**EXTRACTED INFORMATION:**
* * *

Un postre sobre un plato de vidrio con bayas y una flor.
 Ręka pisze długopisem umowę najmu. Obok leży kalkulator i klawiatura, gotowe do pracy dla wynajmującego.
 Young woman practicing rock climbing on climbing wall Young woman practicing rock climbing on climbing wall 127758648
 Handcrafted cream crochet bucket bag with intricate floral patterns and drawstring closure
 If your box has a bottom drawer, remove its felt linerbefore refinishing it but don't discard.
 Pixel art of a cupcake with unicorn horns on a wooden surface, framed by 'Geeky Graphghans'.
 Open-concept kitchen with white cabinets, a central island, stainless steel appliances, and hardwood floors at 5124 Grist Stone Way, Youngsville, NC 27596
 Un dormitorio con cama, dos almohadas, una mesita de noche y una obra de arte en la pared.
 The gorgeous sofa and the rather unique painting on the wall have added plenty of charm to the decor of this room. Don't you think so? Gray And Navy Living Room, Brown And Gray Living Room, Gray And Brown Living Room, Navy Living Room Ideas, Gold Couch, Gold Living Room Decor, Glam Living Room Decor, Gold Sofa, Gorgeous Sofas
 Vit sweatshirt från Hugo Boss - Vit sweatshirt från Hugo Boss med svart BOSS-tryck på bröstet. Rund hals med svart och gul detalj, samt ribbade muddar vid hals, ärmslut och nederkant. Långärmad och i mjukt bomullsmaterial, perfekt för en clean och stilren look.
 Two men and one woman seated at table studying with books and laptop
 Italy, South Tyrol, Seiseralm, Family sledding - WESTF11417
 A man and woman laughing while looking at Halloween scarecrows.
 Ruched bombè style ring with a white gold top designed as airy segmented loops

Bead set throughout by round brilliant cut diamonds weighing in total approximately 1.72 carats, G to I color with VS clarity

* * *

**TASK TO CARRY OUT:** Restate the full material word for word.

**WRITTEN RESPONSE:**
Un postre sobre un plato de vidrio con bayas y una flor.
 Ręka pisze długopisem umowę najmu. Obok leży kalkulator i klawiatura, gotowe do pracy dla wynajmującego.
 Young woman practicing rock climbing on climbing wall Young woman practicing rock climbing on climbing wall 127758648
 Handcrafted cream crochet bucket bag with intricate floral patterns and drawstring closure
 If your box has a bottom drawer, remove its felt linerbefore refinishing it but don't discard.
 Pixel art of a cupcake with unicorn horns on a wooden surface, framed by 'Geeky Graphghans'.
 Open-concept kitchen with white cabinets, a central island, stainless steel appliances, and hardwood floors at 5124 Grist Stone Way, Youngsville, NC 27596
 Un dormitorio con cama, dos almohadas, una mesita de noche y una obra de arte en la pared.
 The gorgeous sofa and the rather unique painting on the wall have added plenty of charm to the decor of this room. Don't you think so? Gray And Navy Living Room, Brown And Gray Living Room, Gray And Brown Living Room, Navy Living Room Ideas, Gold Couch, Gold Living Room Decor, Glam Living Room Decor, Gold Sofa, Gorgeous Sofas
 Vit sweatshirt från Hugo Boss - Vit sweatshirt från Hugo Boss med svart BOSS-tryck på bröstet. Rund hals med svart och gul detalj, samt ribbade muddar vid hals, ärmslut och nederkant. Långärmad och i mjukt bomullsmaterial, perfekt för en clean och stilren look.
 Two men and one woman seated at table studying with books and laptop
 Italy, South Tyrol, Seiseralm, Family sledding - WESTF11417
 A man and woman laughing while looking at Halloween scarecrows.
 Ruched bombè style ring with a white gold top designed as airy segmented loops

Bead set throughout by round brilliant cut diamonds weighing in total approximately 1.72 carats, G to I color with VS clarity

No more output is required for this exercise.